Earthquakes are different in the eastern United States than in the western United States, a fellow with a geological background was saying yesterday following the earthquake in northern Virginia.

I didn't catch everything he said because I was channel surfing, and I came across him midway through his segment, but I gathered from what I heard that the fault lines along the west coast are more active than the ones on the east coast.

I guess I didn't need anyone to tell me that. Folks speak of the period between earthquakes in California in terms of years — decades at the most.

Earthquakes in the eastern United States happen about once every 500 years. The fault line that was responsible for the 5.8 earthquake that shook the east coast yesterday may not even have a name.

The eastern earthquakes also don't pack the kind of punch that the earthquakes in places like California and Japan do. Something about how the fault lines along the east coast fill with accumulated sand and sea debris, making the seismic activity less intense — but, at the same time, helping to make it possible for the quake to be felt from greater distances.

That is why, this fellow was saying, an earthquake in northern Virginia is not as destructive as the 7s and 8s we've seen along the Pacific, but it could be felt in the Carolinas or Georgia as well as the much closer city of New York. I've also heard that it could be felt as far west as Chicago.

Now, science was never my strong subject in school so I have a little trouble understanding that part of it.

Wish I had caught the first part of what he was saying. Wish I knew more about why some earthquakes are more destructive than others — even when they strike areas that expect them and go to great lengths to be prepared for them.

A friend of mine moved to New York a few years ago.

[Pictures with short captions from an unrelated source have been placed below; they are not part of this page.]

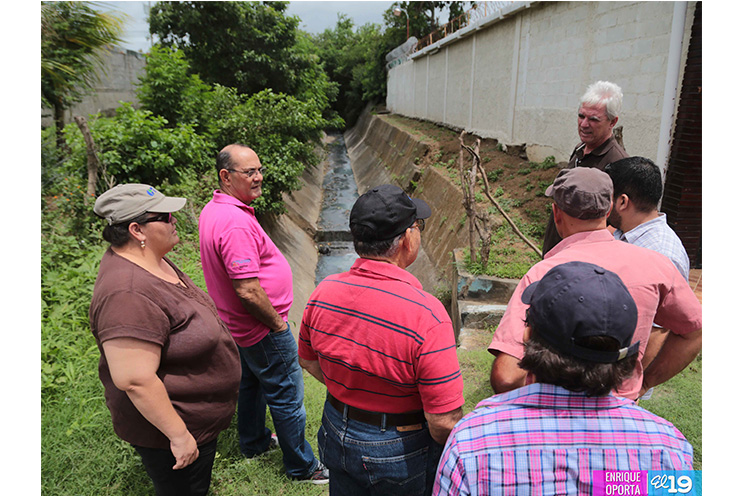 Expertos en hidrología de Cuba recorren Cuenca Sur de Managua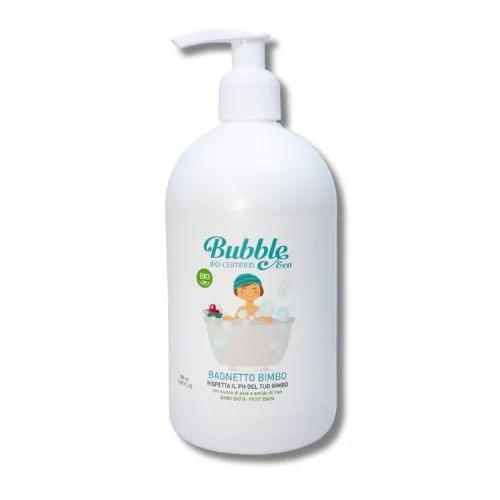 BAGNETTO BIMBO BUBBLE&CO - BAGNOSCHIUMA NEONATO BAMBINO 500ML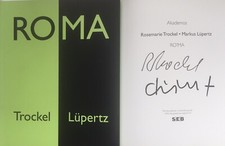 Rosemarie Trockel + Lüpertz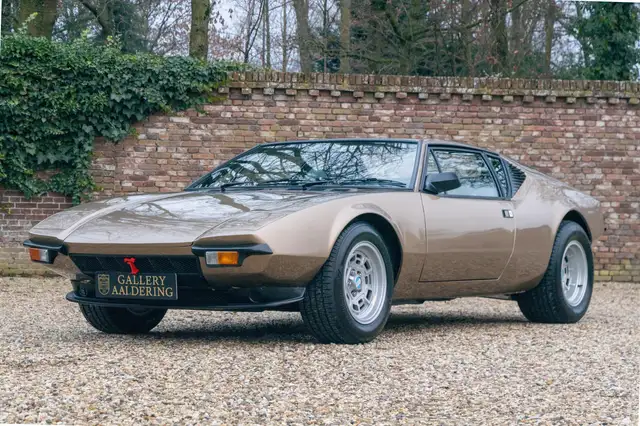 De Tomaso Pantera GTS rare Factory Sunroof!! "Restored to factory sp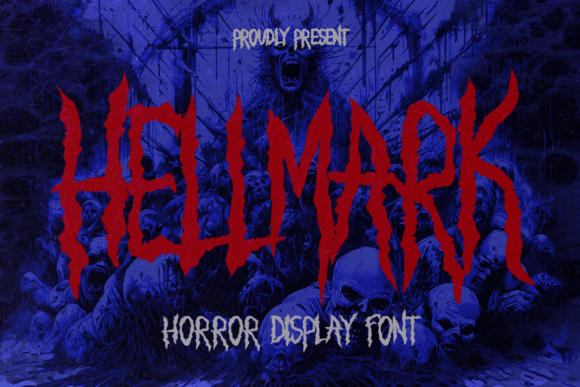 Hellmark Font: Bold & Unapologetic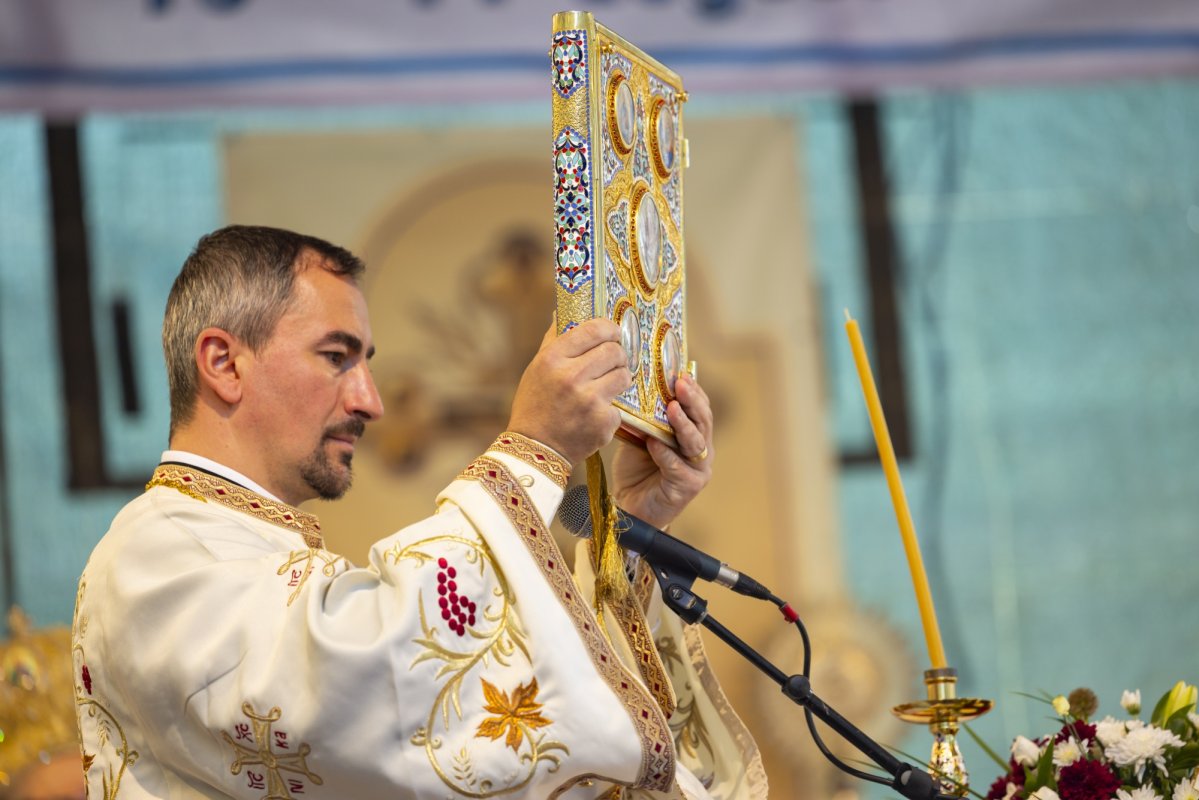 Arhiepiscopia Târgoviștei și-a cinstit ocrotitorul spiritual 305589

Yesterday, he posted on Facebook that he was sitting on his bed when the earthquake struck, and his bed shook.

I had some friends who lived through the San Francisco earthquake in 1989. They told me that their friends out there, who had joked for years about "the Big One," called that earthquake the "Pretty Big One." It only measured 6.9, and it only lasted 15 seconds, but it resulted in 63 deaths and more than 3,700 injuries.

There was also quite a bit of property damage.

Apparently, there was some damage yesterday as well, but it will take awhile to determine the extent. Most of it appears to have been done to older buildings that are ill prepared for an earthquake of just about any magnitude.

And I have heard no reports of deaths or injuries.

In fact, what happened along the east coast yesterday seems to be similar to the kind of thing that has been happening in recent years in my home county in central Arkansas. It is not far from the New Madrid Fault in the central United States that allegedly caused an earthquake in the 19th century strong enough to ring the bells in Boston.

Anyway, there was a series of earthquakes in my home county in the spring — most of which measured in the 3s, which admittedly isn't strong enough for most people to notice.

A 5.8 earthquake is strong enough to notice but not usually strong enough to cause death or injury — unless it strikes severely underdeveloped places. The government in D.C. may be dysfunctional, but the city itself is not underdeveloped.

Thus, I figured it wouldn't be long before some people began poking fun at the exaggerated response to the earthquake.

No deaths. No injuries. The most serious damage, by far, appears to have been psychological.

In both Washington and New York — and other places along the Eastern Seaboard — nerves are on edge less than three weeks before the 10th anniversary of September 11. And, as Marc Fisher reports in the Washington Post, terrorism was the first thought to cross the minds of lots of folks in D.C. yesterday afternoon.

And why not? An airplane piloted by a Islamic extremist crashed into the Pentagon a decade ago. The last earthquake on the east coast may predate the American Revolution.